Most choroidal melanomas have been diagnosed in white patients over 50 years of age.[4, 11] In the Collaborative Ocular Melanoma Study, 1302 patients eligible for the study had a mean age of 60.2 years. Only 14% of patients were below 50 years of age. [6] Melanoma of the choroid usually presents as a dome shaped or mushroom shaped pigmented mass with secondary retinal detachment. Such lesions can be diagnosed by indirect ophthalmoscopy and ultrasonography. Diffuse malignant melanoma is a rare variant with a flat growth pattern with thickness of 20% or less than the greatest basal dimension.

Pre Disposing Factors

Weis et al. [7] provided a meta-analysis of all published reports on host factors for uveal melanoma and found that light eye color, fair skin color, and inability to tan were risk factors for the development of uveal melanoma. Shah et al. [8] investigated the environmental factors and found that intermittent ultraviolet exposure to arc welding was a significant risk factor.

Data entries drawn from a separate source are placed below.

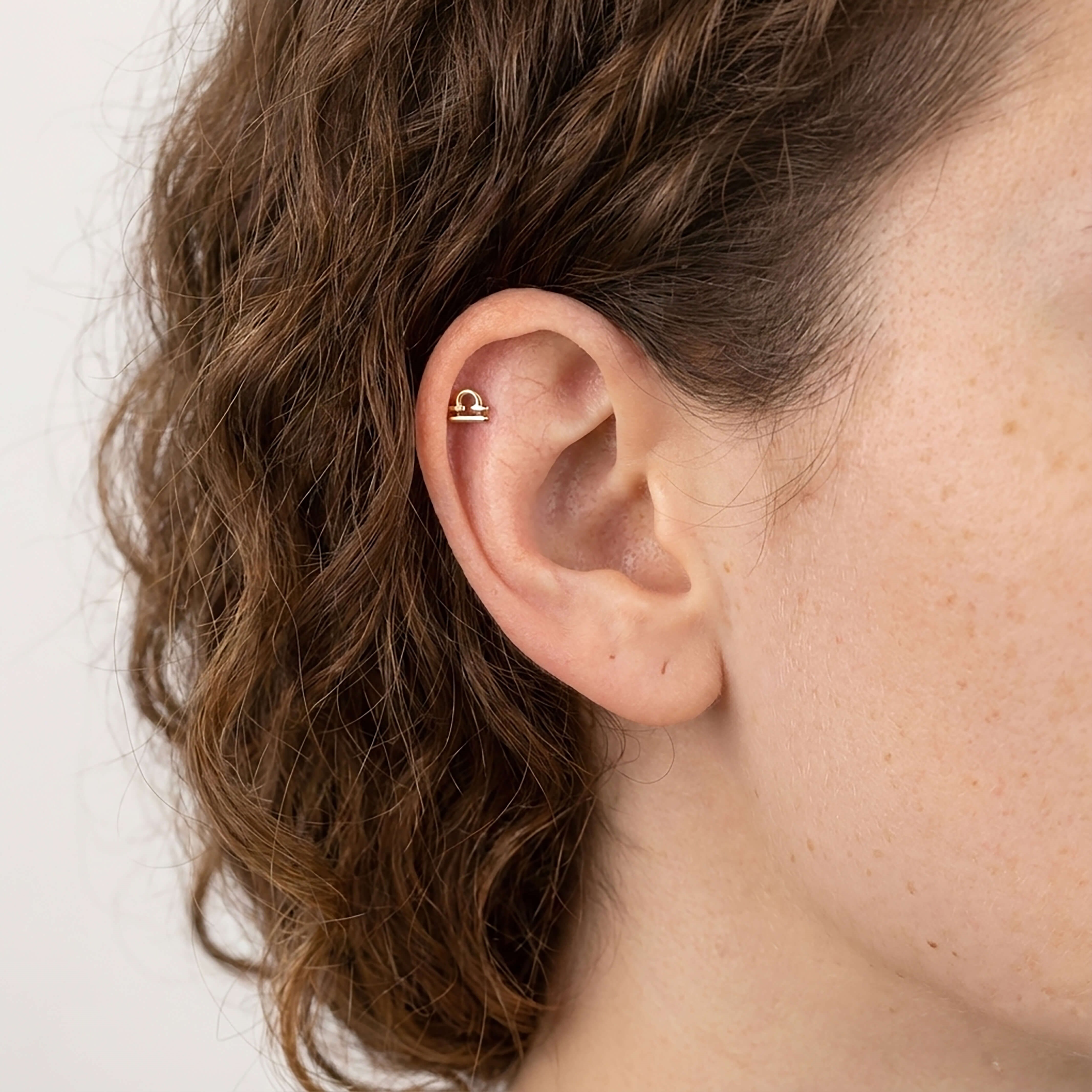 14 Ayar Altın Terazi Burcu Minimal Helix/Kıkırdak Piercing - Dianora Piercing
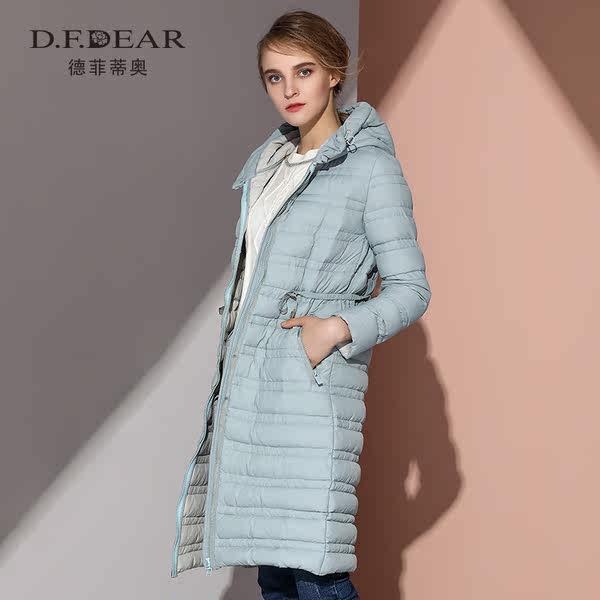 D．F．DEAR 德菲蒂奥 中长款连帽 女式羽绒服 天猫优惠券折后￥379包邮（￥679-300）3多色可选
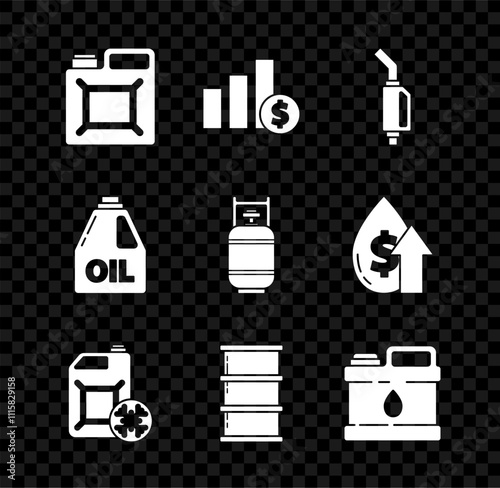 Set Canister for gasoline, Pie chart infographic and dollar, Gasoline pump nozzle, Antifreeze canister, Barrel oil, motor machine, and Propane tank icon. Vector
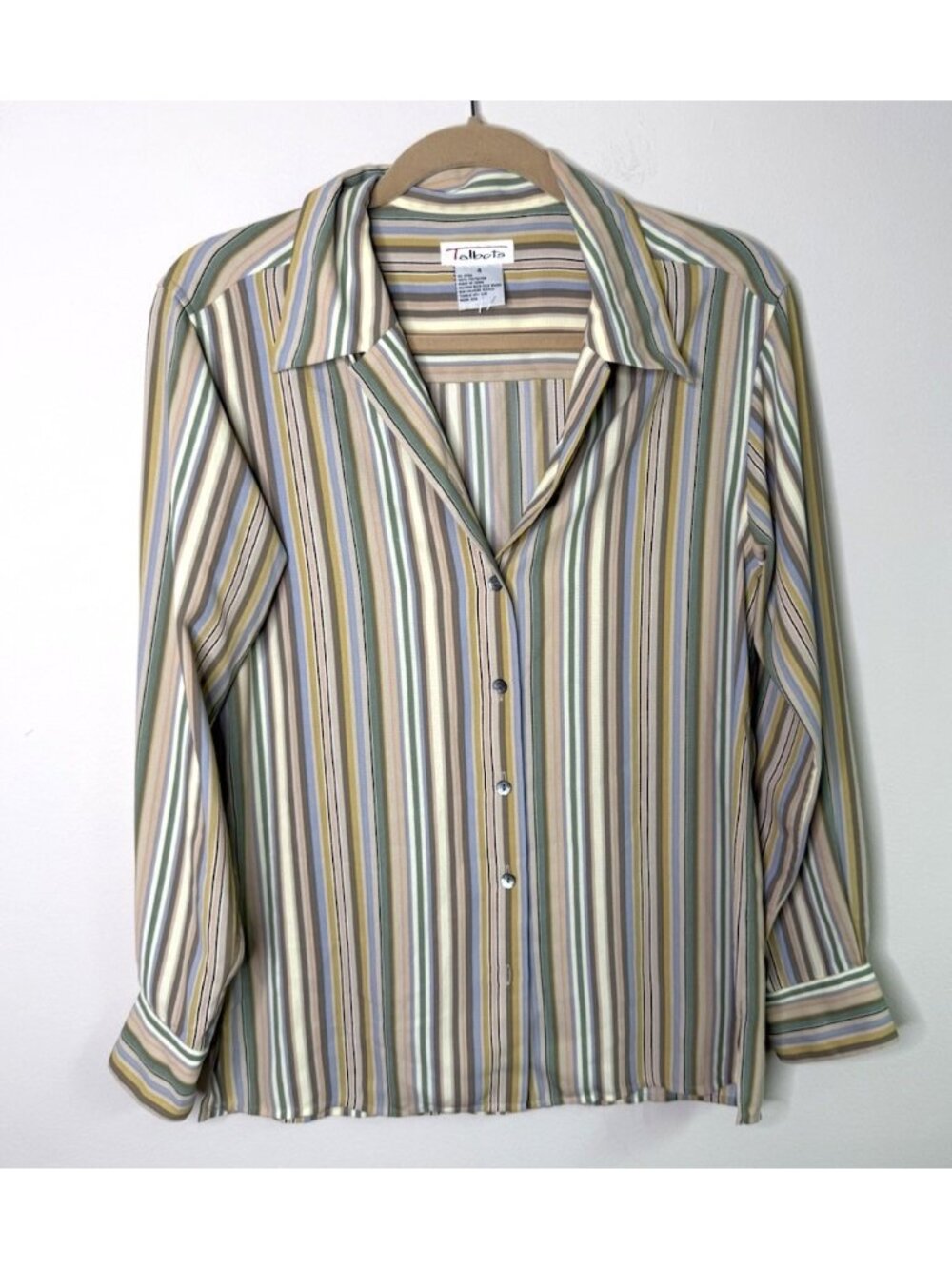 Vintage 90s Button Shirt Rainbow Stripe Slinky Classy Equestrian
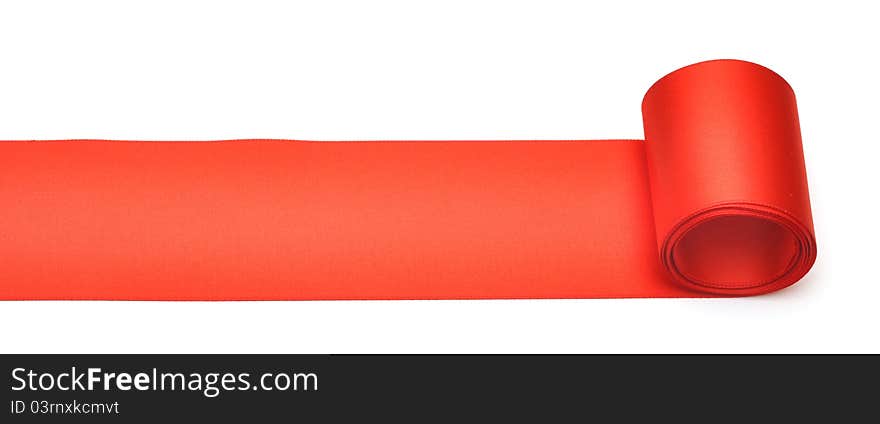 Red ribbon on white background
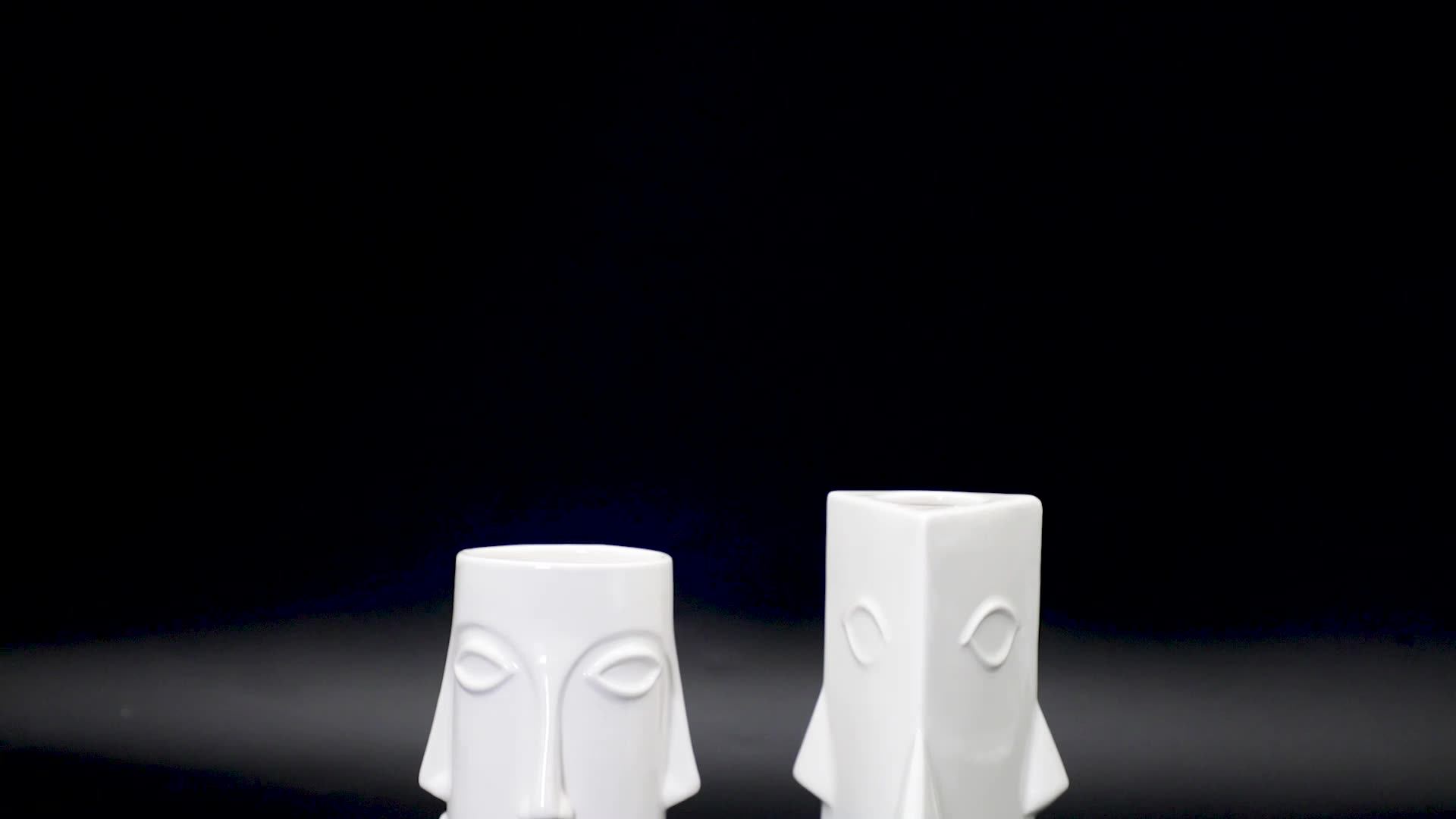 Customized Black And White Ceramic Human Face Candle Holder Buy Human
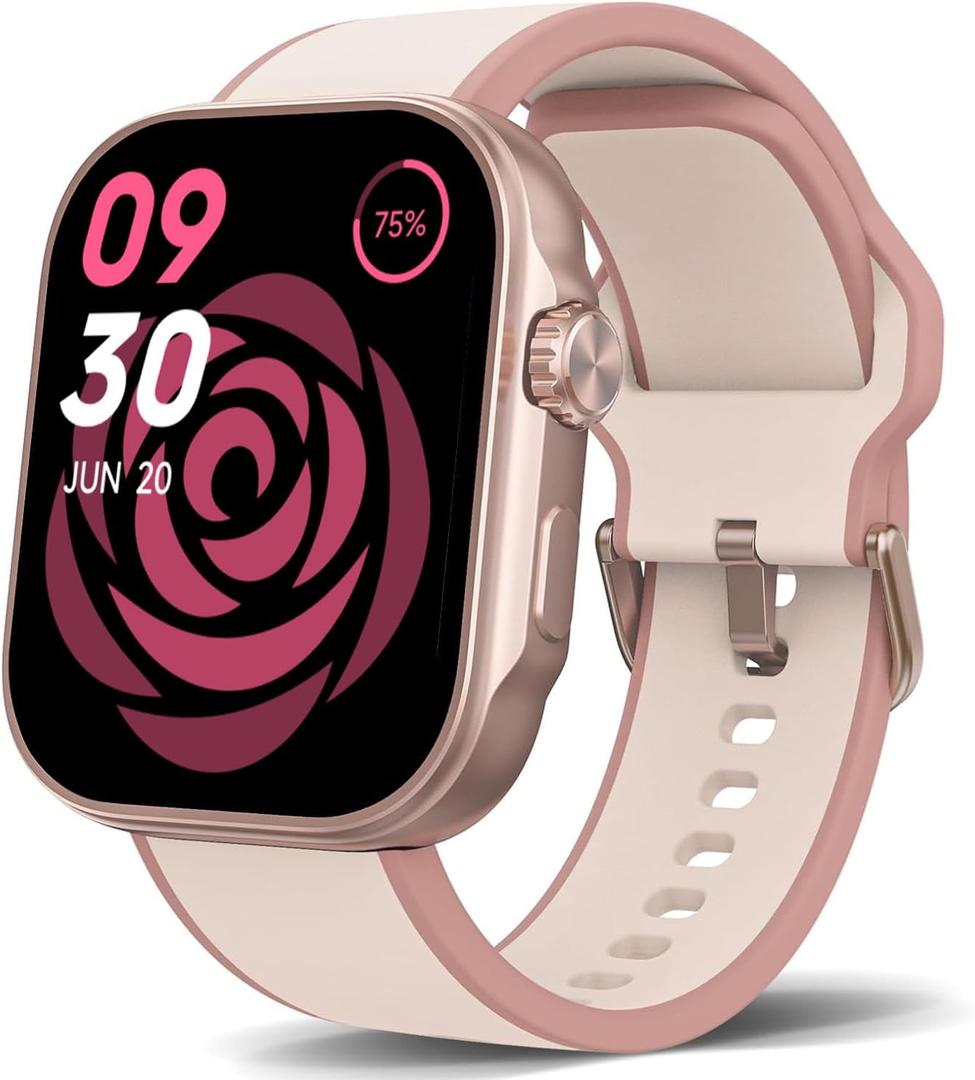 Smart Watch for Women, 1.99" AMOLED Display Fitness Tracker,Smartwatch(Answer/Make Calls), IP68 Waterproof 100+ Sport Mode Activity Tracker, Heart Rate Sleep Monitor, iOS Android Compatible (Pink)
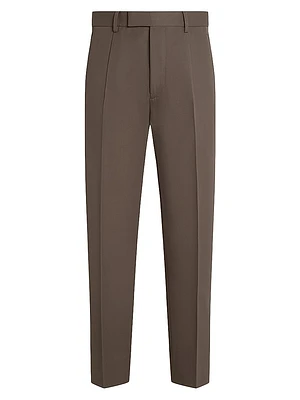 Single-Pleated Cotton and Wool Pants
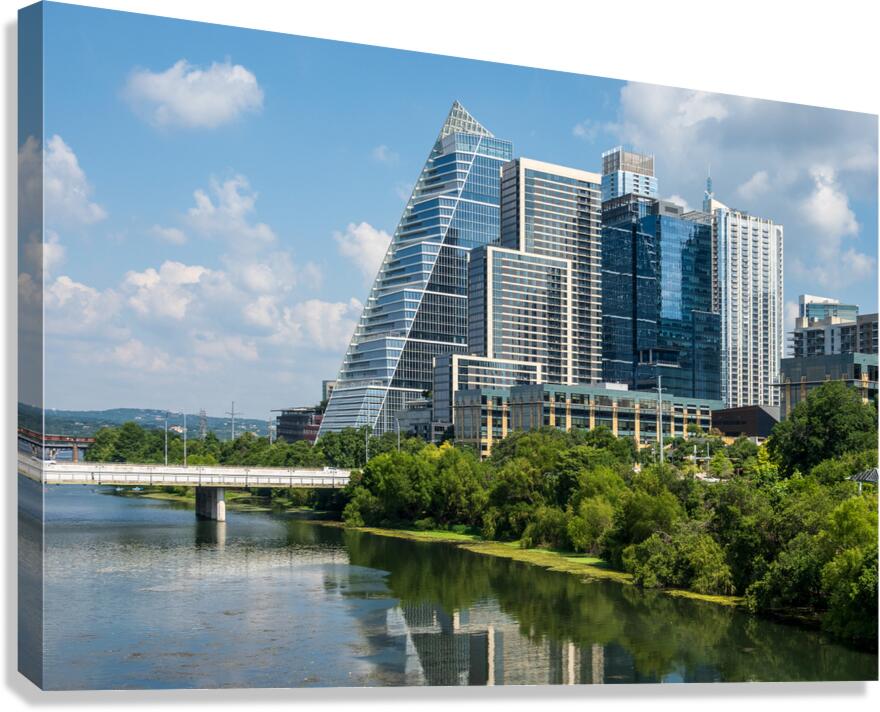 Cityscape of apartments in Austin Texas across Lady Bird Lake Canvas Print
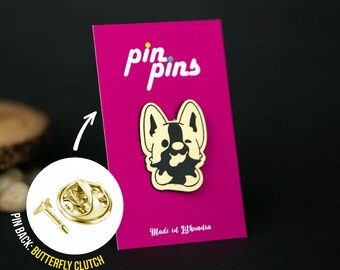 Dog Corgi Pin! -  Pins, Brooch, Badges, Animal pins, Cute pins, Corgi, Cute pin, Corgi, Dog Lovers, black & brass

Two important factors for the development of uveal melanoma are the presence of a pre-existing choroidal nevus and the presence of congenital ocular/oculodermal melanocytosis, also termed ‘nevus of Ota’.

Clinical Characteristics

Choroidal melanoma generally manifests with symptoms of persistent photopsia (flashes), floaters, visual field loss, or visual acuity loss or it can be asymptomatic. Occasionally, there are sentinel vessels if the tumor involves the ciliary body.

Choroidal melanoma is pigmented in 55%, non-pigmented in 15%, and mixed pigmented or non-pigmented in 30% [21]. (Image 1) Choroidal melanoma appears in one of three configurations- dome (75%), mushroom (20%), or diffuse (5%). A lesion may penetrate bruchs membrane and the retinal pigment epithelium with herniation into the subretinal space, assuming the shape of collar stud.

Figure 1:Dome-shaped pigmented melanoma with a smooth surface

Choroidal melanoma appears as a solitary elevated subretinal, without retinal feeder vessels, and often producing retinal detachment. Occasionally, vitreous hemorrhage can develop, obscuring the view of the tumor, requiring ultrasonography. Other signs can include choroidal folds, rubeosis iridis, secondary glaucoma and cataract.

Choroidal melanoma is clinically grouped into three sizes based on the tumor thickness-small (0–3.0mm), medium (3.1–8.0mm), and large (8.1mm or greater) [9]


Clinical examination is usually sufficient for diagnosis. Ancillary testing may also be helpful.

USG- Highly accurate and reproducible for diagnosis of ocular melanoma. It is useful in cases of opaque media like in vitreous haemorrhage, exudative bullous retinal detachment. It is used for lesion dimensions, can also detect extra ocular extension. USG findings include internal homogeneity, low to medium internal reflectivity on A- scan, choroidal excavation (produced by the contrast between the normal high reflective choroid surrounding the tumor and the low reflectivity under the densely homogenous tumor mass), sound attenuation due to the densely homogeneous nature of the tumor seen as Acoustic hollowing (Characteristic hyporeflectivity in the basal aspect of the tumor) and the rapid decay of spikes on the A-scan – steep angle kappa, orbital shadowing and in certain cases collar stud/ mushroom-shaped configuration (Image 2). Sometimes internal blood flow can be demonstrated as flickering spikes on A-scan.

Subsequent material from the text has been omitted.